Written by Lucky Sisouvong
Preparing a course to be offered online takes months of planning and development. However, this past spring the campus was shut down due to COVID-19 and classes needed to be moved online as soon as possible, leaving faculty and staff scrambling to find a way to support students while also being able to maintain a quality educational experience. Students in Professor Chris Demaske’s TCOM 486 Feature Writing class interviewed some of those faculty and staff to see how the transition went for them and what they learned through the entire process.
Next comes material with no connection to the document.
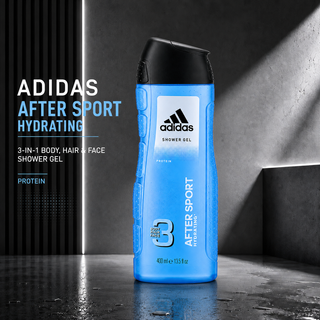 Adidas After Sport Hydrating 3-in-1 Body, Hair & Face Shower Gel 400ml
Back home in Lacey, Washington, Gabriel Smith, 22, sits in his homemade office where he does his school and regular work. Behind him is his colorful gaming PC, which he built himself, and his dual screen monitors where Adobe Premiere Pro occupies one screen, while work emails and school work occupy the other.
As a student and an employee at the University of Washington Tacoma, Smith has felt the effects of COVID-19 on both positions. Smith is a senior at UWT and works in the admissions office as a Campus Ambassador. Before the school made the call to go online, Smith was clocking in about 15 hours a week giving tours to incoming freshmen and taking calls in the admissions office. Now, Smith says he is only working a minimum of one hour.
“It’s been tough financially because my hours are all over the place,” Smith said. “Last week, I only worked one hour, but the week before that I worked five. So it just all depends on what is needed.”
Smith has been working with UWT to give virtual tours of the campus as well as editing videos for events that had to be canceled due to the pandemic. For Smith, the work he now does online is something that may benefit him in the future.
As an adolescent growing up, Smith found a passion for shooting videos and editing them. Throughout high school Smith was involved in video production classes where he first learned how to use a DSLR camera and Adobe Premiere Pro. So, when UWT asked him to be a part of the video editing process for the canceled school events, Smith was all in.
“Even though I am not getting as many hours as I used to, at least I still get to do something that I enjoy,” he said. “Video editing is something I always have fun with so I am glad that the school asked me if I wanted to help out with it.”
As a senior getting ready to graduate this Spring, Smith hopes that his experience working in the admissions office, as well as experience editing videos for the school, will help him find a job post-graduation. But for now, Smith is self-isolating and working from home just like the majority of people.